Colonoscopy is the most commonly ordered test for the diagnosis and treatment of colon disorders, including colon cancer. According to the American Cancer Society, when colorectal cancer is found at an early stage before it has spread, the five-year survival rate is roughly 90%. However, when cancer has metastasized outside of the colon or rectum, survival rates significantly decrease.
Most colorectal cancers develop from growing polyps that were not removed, and screening tests for colorectal cancer can detect pre-cancerous polyps before they become malignant. In this case study, we will examine how a failure to follow up with the recommended treatment plan delayed the diagnosis of colon cancer, resulting in the patient’s untimely death. We’ll also provide risk management strategies to help avoid a similar situation.
A 25-year-old patient was referred to the gastroenterologist for abdominal cramps, rectal bleeding, and esophageal reflux. The physician performed a colonoscopy, which revealed a large pandiculated polyp, located approximately 20 cm from the anal verge. The pathology results indicated cancer cells in the polyp, but the stalk of the polyp appeared to be clear. The physician advised the patient that he would require a yearly colonoscopy for follow up, and the pathologist sent the slides out for a second opinion. The second pathology report confirmed the first pathology findings, but also found a cluster of cancer cells in another area. This area was described as a retraction artifact or a lymphovascular channel invasion (when the cancer cells have traveled to the lymph or blood systems). This second report did not make a firm therapeutic recommendation.

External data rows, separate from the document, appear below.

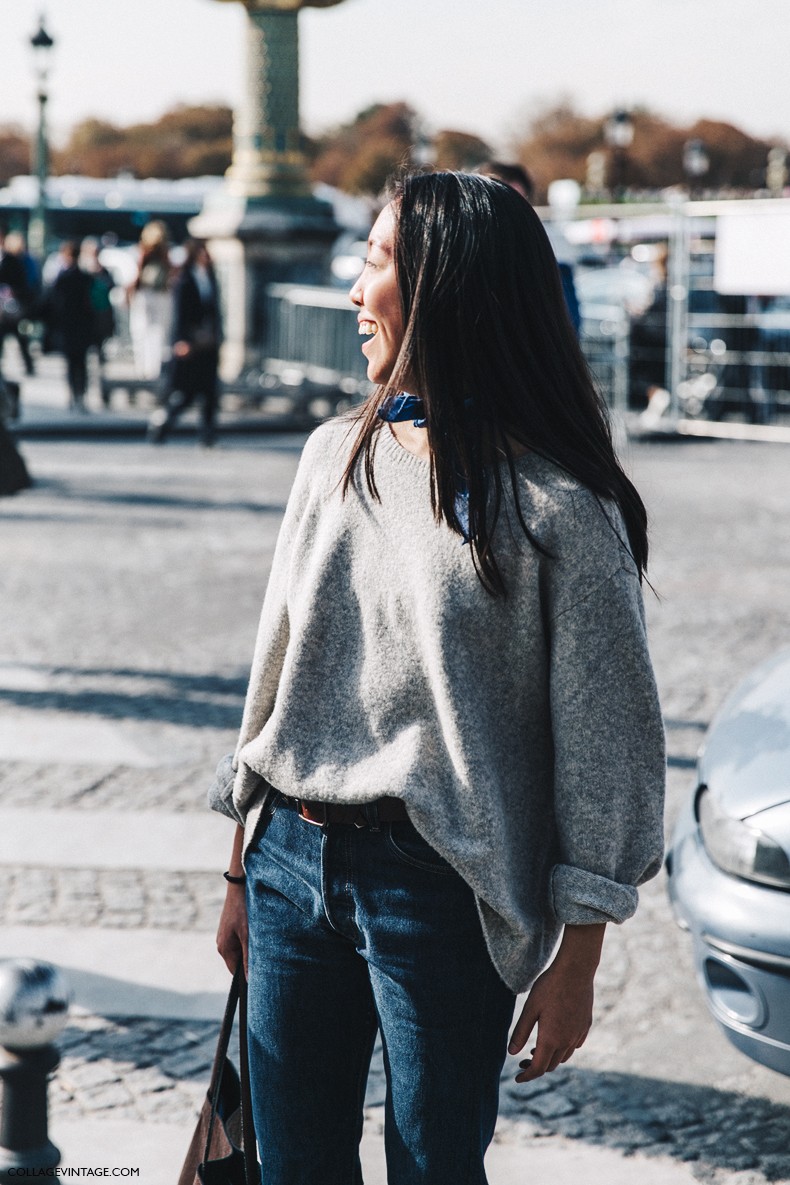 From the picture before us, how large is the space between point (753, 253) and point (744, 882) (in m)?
12.0

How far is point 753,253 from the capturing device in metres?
14.1

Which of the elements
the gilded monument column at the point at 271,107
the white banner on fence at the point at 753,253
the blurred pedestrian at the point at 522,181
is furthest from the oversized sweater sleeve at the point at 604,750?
the gilded monument column at the point at 271,107

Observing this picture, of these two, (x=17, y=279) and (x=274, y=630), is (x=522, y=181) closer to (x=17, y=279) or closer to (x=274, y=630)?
(x=274, y=630)

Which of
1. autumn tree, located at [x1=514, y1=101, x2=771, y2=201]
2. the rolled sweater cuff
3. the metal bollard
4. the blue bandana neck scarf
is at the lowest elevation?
the metal bollard

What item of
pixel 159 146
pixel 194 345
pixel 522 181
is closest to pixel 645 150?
pixel 159 146

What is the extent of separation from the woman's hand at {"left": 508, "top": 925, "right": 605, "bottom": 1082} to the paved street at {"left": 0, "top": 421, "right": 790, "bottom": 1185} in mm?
590

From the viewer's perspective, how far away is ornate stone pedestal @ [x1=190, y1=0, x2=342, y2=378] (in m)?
16.9

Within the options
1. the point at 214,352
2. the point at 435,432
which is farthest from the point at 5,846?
the point at 214,352

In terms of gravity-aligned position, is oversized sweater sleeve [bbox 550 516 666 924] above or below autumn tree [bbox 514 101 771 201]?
below

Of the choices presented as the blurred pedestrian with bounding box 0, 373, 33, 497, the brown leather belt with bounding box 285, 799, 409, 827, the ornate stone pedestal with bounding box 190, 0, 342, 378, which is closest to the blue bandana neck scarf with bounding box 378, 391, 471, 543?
the brown leather belt with bounding box 285, 799, 409, 827

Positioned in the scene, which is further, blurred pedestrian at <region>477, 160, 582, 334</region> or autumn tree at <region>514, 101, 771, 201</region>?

Based on the second pathology report, the physician contacted the patient and requested he schedule an appointment to discuss the findings and next steps. The patient was given the option of surgical resection or a follow-up colonoscopy in six months. The patient decided not to undergo surgery and chose to have a colonoscopy in six months.
Six months later, the physician performed a follow-up colonoscopy and found no evidence of cancer or polyps. The physician recommended follow up in one year. The patient did not return for the one-year follow up despite several reminder letters sent from the practice.
The patient later moved to Maine and a colonoscopy was performed 15 months after the follow-up colonoscopy. The colonoscopy performed in Maine showed the presence of another large polyp. Surgery was performed, which revealed the presence of cancer that had metastasized to multiple organs. The patient died two years later.
What Went Wrong?
All the experts consulted agreed that the patient would have had a high probability of cure with surgical resection after the first colonoscopy. The physician discussed the option for surgery or follow-up colonoscopy (based on the second pathology report) with the patient, but the physician was criticized for failing to urge the patient to undergo surgery. In addition, the gastroenterologist failed to contact the referring physician to inform him that the patient had refused the recommended treatment.
Risk Management Takeaways:
- Practices should have a comprehensive tracking process in place for patients that need follow-up care. This process should include steps to follow when patients are not compliant with the recommended follow up and information for notifying the ordering and referring providers so that they can determine next steps.
- Communication with the referring physician should occur with the initial consultation and every visit or missed visit thereafter.
- Practices should implement an informed refusal process to use when patients refuse the recommended treatment plan. The physician should have patients sign an informed refusal form to acknowledge they understand the consequences of refusing surgery, diagnostic tests, or other treatments.